A veces venimos buscando una cosa —en el caso de Rosa, una muerte en paz— y encontramos otra completamente distinta. Encontramos la vida. La verdadera vida.

Hoy, cuando alguien llega a mi consultorio con un diagnóstico terminal, pienso en Rosa. Pienso en su mirada cuando me mostró sus estudios limpios. Pienso en su sonrisa cuando me dijo: «Vine a prepararme para morir y aprendí a vivir».

Y le digo lo mismo que le dije a ella aquel primer día: confiá en tu cuerpo. Dale lo que necesita. Sacale lo que lo daña. Y mirá lo que puede hacer.

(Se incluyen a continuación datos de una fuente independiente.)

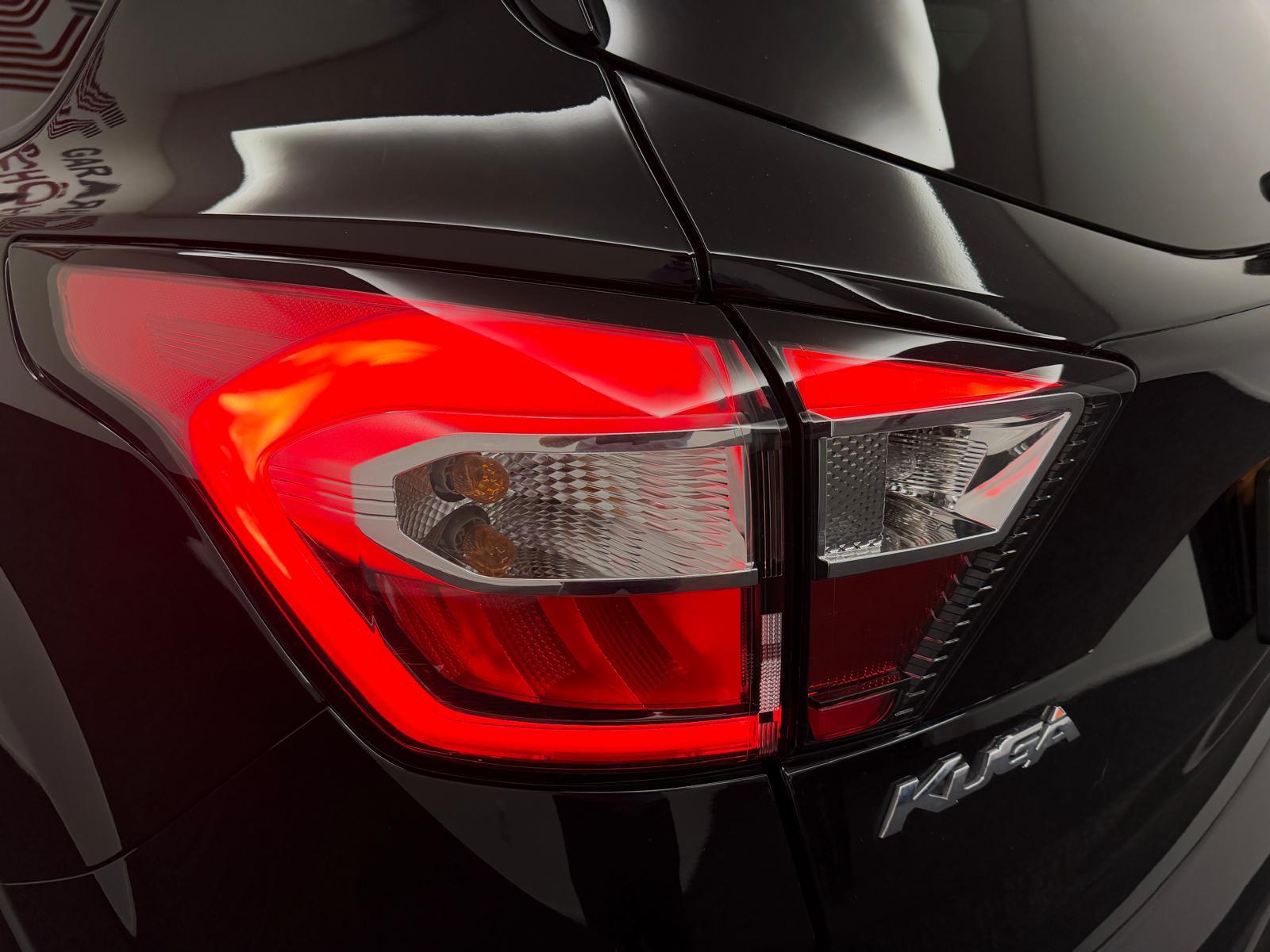 FORD Kuga 2.0 EcoB 240 ST-Line-image-8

Rosa lo hizo. Y aunque cada cuerpo es un universo, aunque cada historia es única, su caso me recuerda todos los días que la sanación es posible. Que los milagros existen. Y que a veces, lo único que necesitamos es alguien que crea en nosotros cuando todos los demás ya nos dieron por perdidos.

Rosa está viva hoy porque creyó y actuó en consecuencia. Y porque su cuerpo, ese cuerpo sabio que llevaba meses en modo de supervivencia, finalmente recibió permiso para hacer lo que mejor sabe hacer: sanar.